Lack of hemoglobin response to iron supplementation in anemic mexican preschoolers with multiple micronutrient deficiencies.
Allen, LH, Rosado, JL, Casterline, JE, López, P, Muñoz, E, Garcia, OP, Martinez, H
The American journal of clinical nutrition. 2000;(6):1485-94
Abstract
BACKGROUND In developing countries, incomplete resolution of anemia with iron supplementation is often attributed to poor compliance or inadequate duration of supplementation, but it could result from deficiencies of other micronutrients. OBJECTIVE Our objective was to assess children's hematologic response to supervised, long-term iron supplementation and the relation of this response to other micronutrient deficiencies, anthropometry, morbidity, and usual dietary intake.
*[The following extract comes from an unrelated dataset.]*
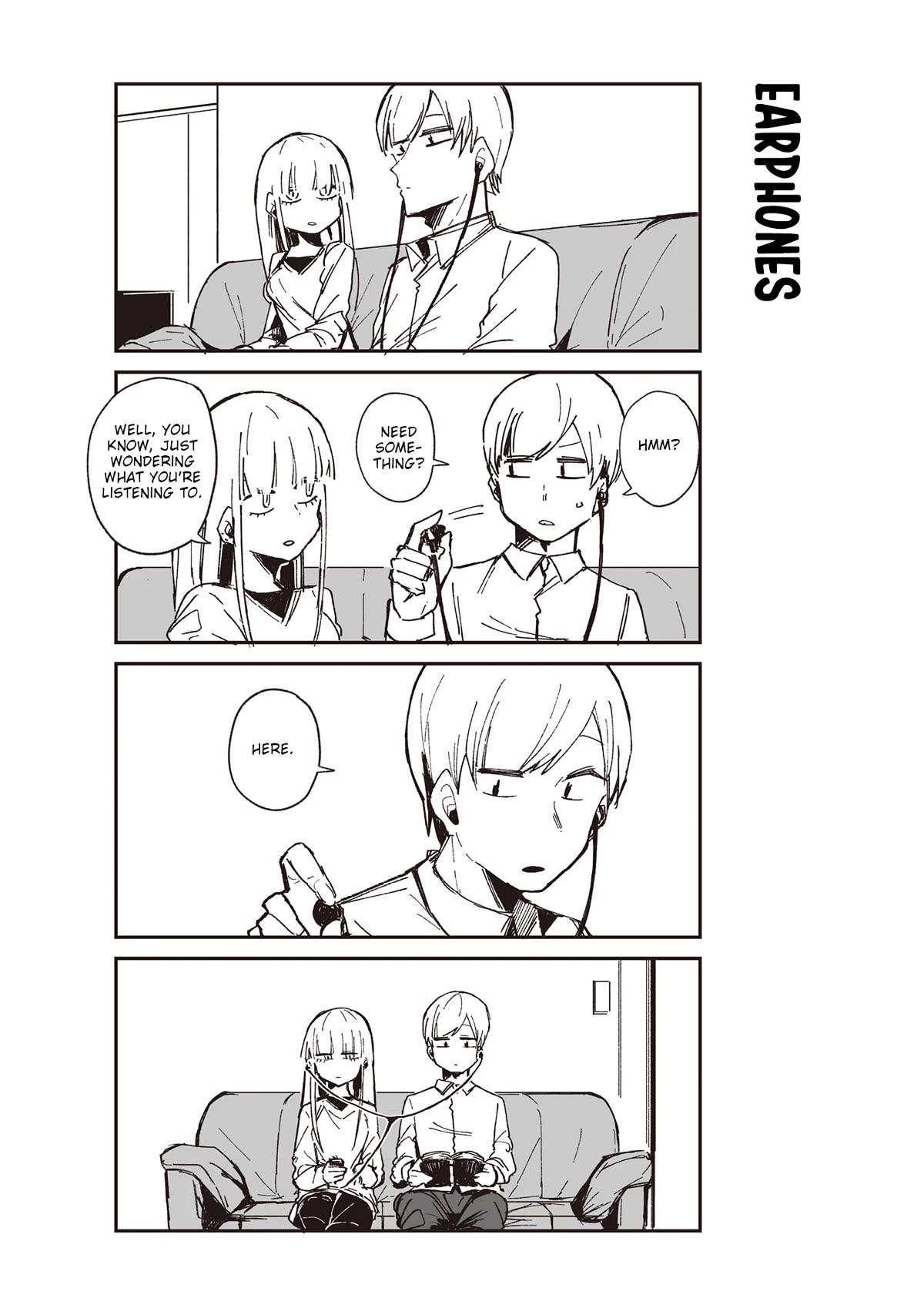 ○○na Maid-san Chapter 7 page 14 - Chapter 7: Surprisingly Annoying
DESIGN Rural Mexican children aged 18-36 mo (n = 219) were supplemented for 12 mo with either 20 mg Fe, 20 mg Zn, both iron and zinc, or placebo. Children were categorized as iron-unsupplemented (IUS; n = 109) or iron supplemented (IS; n = 108). Hemoglobin, hematocrit, mean corpuscular volume, mean cell hemoglobin, plasma concentrations of micronutrients that can affect hematopoiesis, anthropometry, and diet were assessed at 0, 6, and 12 mo; morbidity was assessed biweekly. RESULTS At baseline, 70% of children had low hemoglobin (≤115 g/L), 60% had low hematocrit, 48% were ferritin deficient, 10% had deficient and 33% had low plasma vitamin B-12 concentrations, 29% had deficient vitamin A concentrations, and 70% had deficient vitamin E concentrations. Iron supplementation increased ferritin from 11 +/- 14 microg/L at baseline to 31 +/- 18 microg/L after 6 mo (P < 0.001) and 41 +/- 17 microg/L after 12 mo. However, anemia persisted in 30% and 31% of supplemented children at 6 and 12 mo, respectively, and was not significantly different between the IUS and IS groups at 12 mo. Initial plasma vitamin B-12, height-for-age, and dietary quality predicted the hematopoietic response to iron. CONCLUSION Lack of hemoglobin response to iron was associated with indicators of chronic undernutrition and multiple micronutrient deficiencies.